At Kyowa Kirin International (KKI), our purpose is to make people smile. This means more than drug discovery and development; it is about embedding care into everything we do to make a difference every day for those that need it most. We’re an inclusive pharmaceutical company that takes time to understand what really matters to our patients, their families, and their healthcare professionals, helping our people to take bold actions that deliver life-changing solutions sooner. Our culture is rooted in our values: Teamwork, Commitment to Life, Innovation, and Integrity. They help us to push boundaries to deliver extraordinary impact and make KKI a brilliant place to work.
Job Purpose
We are looking for a Physician to contribute to the understanding and monitoring of the safety profile of the Kyowa Kirin products by
- Leading Global Safety Team(s) to develop safety strategies for ensuring patient safety and regulatory compliance for assigned products in development and / or marketing.
- Providing medical analyses and input to meet international regulatory requirements and Company’s objectives.
- Supporting the VP Pharmacovigilance in increasing the department’s effectiveness and profile within Kyowa Kirin and the wider KHK Group.
- Supporting the Qualified Person for Pharmacovigilance in Europe by contributing to the constant improvement of the Kyowa Kirin Pharmacovigilance System.
This position could be based in any of our UK or European based offices ( France, Germany, Netherlands, Spain, Italy)
Responsibilities- Ensure high quality, accurate, timely medical contributions to the safety evaluation of Kyowa Kirin products by leading Global Safety Team(s) to:
- Ensure the safe development of new products and timely and effective contributions of safety to Development teams including the identification and implementation of safety strategies to deliver Company objectives for products in both development and the market.
- Determine the safety strategy for the preparation of regulatory submissions for new Marketing Authorisation Approvals in any region /country and ensure the delivery of high quality safety documentation for those submissions.
- Lead the preparation of Benefit Risk Assessments for Kyowa Kirin products and provide appropriate support for implementation of the associated conclusions.
- Develop appropriate risk management strategies for marketed and / or investigational compounds ensuring that these are contained and implemented in appropriate way including Risk Management Plans. Ensure success of such activities by close liaison with Submission teams.
- Lead signal detection activities using data from all sources and bring medical expertise to drive Benefit Risk assessment reports, provide safety input for the Company Core Data Sheets and other similar reports and actions.
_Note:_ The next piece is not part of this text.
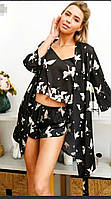 Шелковая женская пижама для сна Птица, комплект тройка для дома M-L Черный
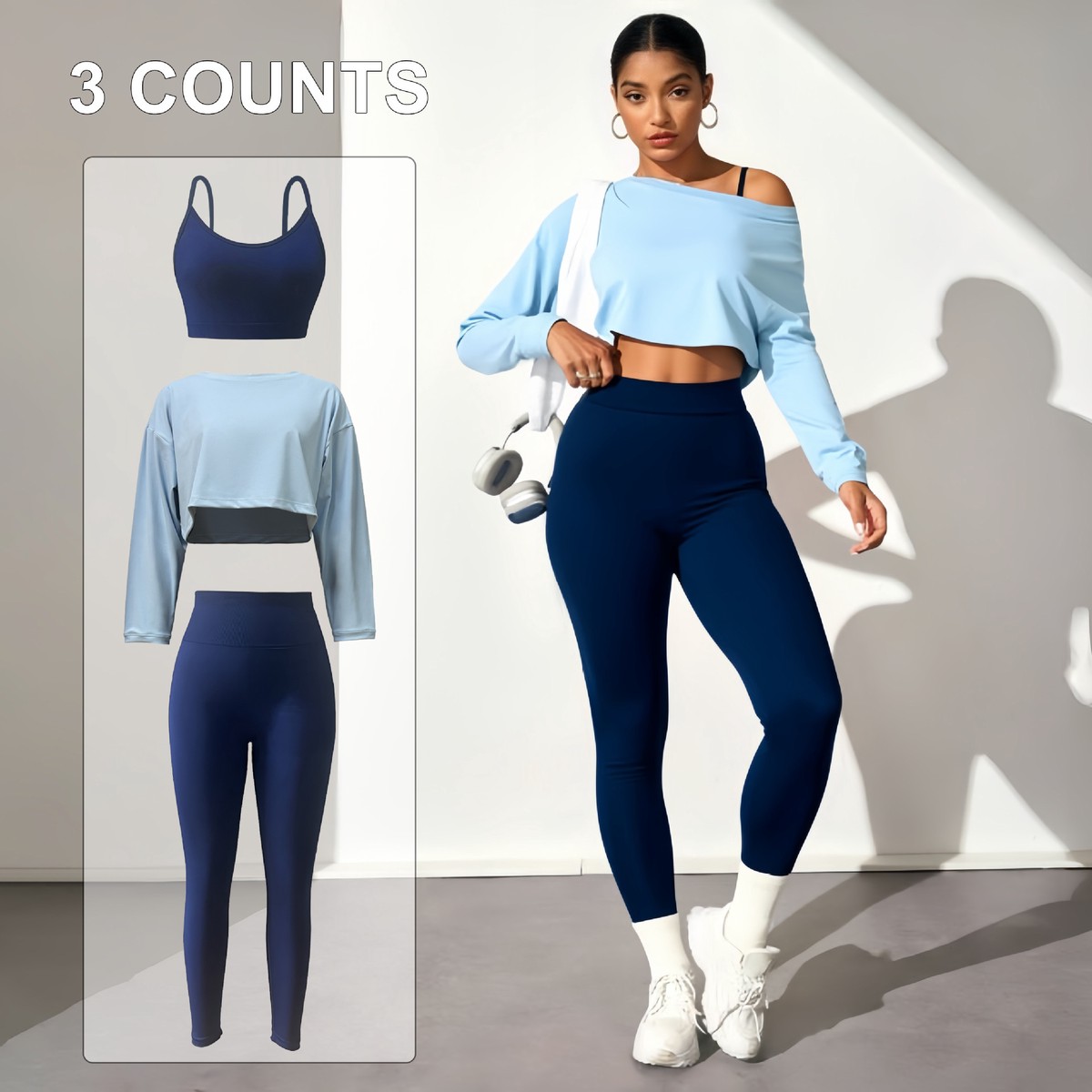 European American Cross-border Fashion Three-piece Solid Seamless Spandex/Nylon Wrinkle-resistant Unisex Yoga Set Bra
- Provide medical review and interpretation of safety data for preparation of aggregate reports and ensure consistent messaging across all such reports and documents issued for both development and postmarketing purposes.
- Contribute to the preparation and review of pharmacovigilance documentation for internal and external use by providing medical expertise to the preparation of responses to internal and external questions relating to the safe use of Kyowa Kirin products, safety issue work up etc.
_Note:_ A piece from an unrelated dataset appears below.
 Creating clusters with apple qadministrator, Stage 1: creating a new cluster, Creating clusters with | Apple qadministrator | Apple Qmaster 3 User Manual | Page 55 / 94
- Ensure that updated safety profiles of Kyowa Kirin products are provided to senior management as required.
- Represent Pharmacovigilance at internal and external meetings where issues of drug safety are to be, or may be, discussed.
- Maintain awareness of changes to regulatory guidance documents, requirements and state-or-the-art pharmacovigilance processes and make recommendations leading to the improvement of the effectiveness and profile of the department.
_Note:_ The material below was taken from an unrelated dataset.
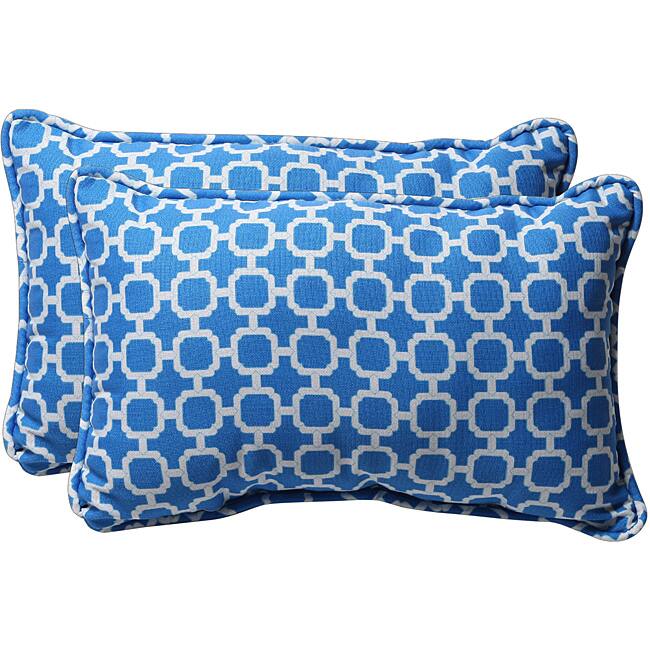 Pillow Perfect Decorative Blue/ White Geometric Outdoor Toss Pillows (Set of 2)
- To work cross functionally within project teams to meet Company objectives and to represent the Department of Pharmacovigilance in a team oriented manner and delivering quality and timely input to meet the needs of the project team
Position Requirements
- MANDATORY: Medically qualified physician with post-registration clinical experience and a strong experience within pharmacovigilance or related area of clinical development; specialist training or clinical exposure in immunology and/or haemato‑oncology strongly preferred
- Knowledge of regulatory requirements pertaining to pharmacovigilance in the pre and post approval environments is preferred
- Fluent in English
- Excellent verbal, written, interpersonal, influencing and communication skills with emphasis on building consensus
- Ability to produce high quality, accurate work (oral written and presentation) to meet deadlines.
- Demonstrable managerial skills and leadership potential
- Ability to work in a matrix, remote organization and international cross-functional teams
- Strong focus on producing key deliverables (quality/time/costs)
- Experience in the use and management of Drug Safety Databases and MedDRA coding. Skilled in Microsoft Office applications (Word, PowerPoint and Excel).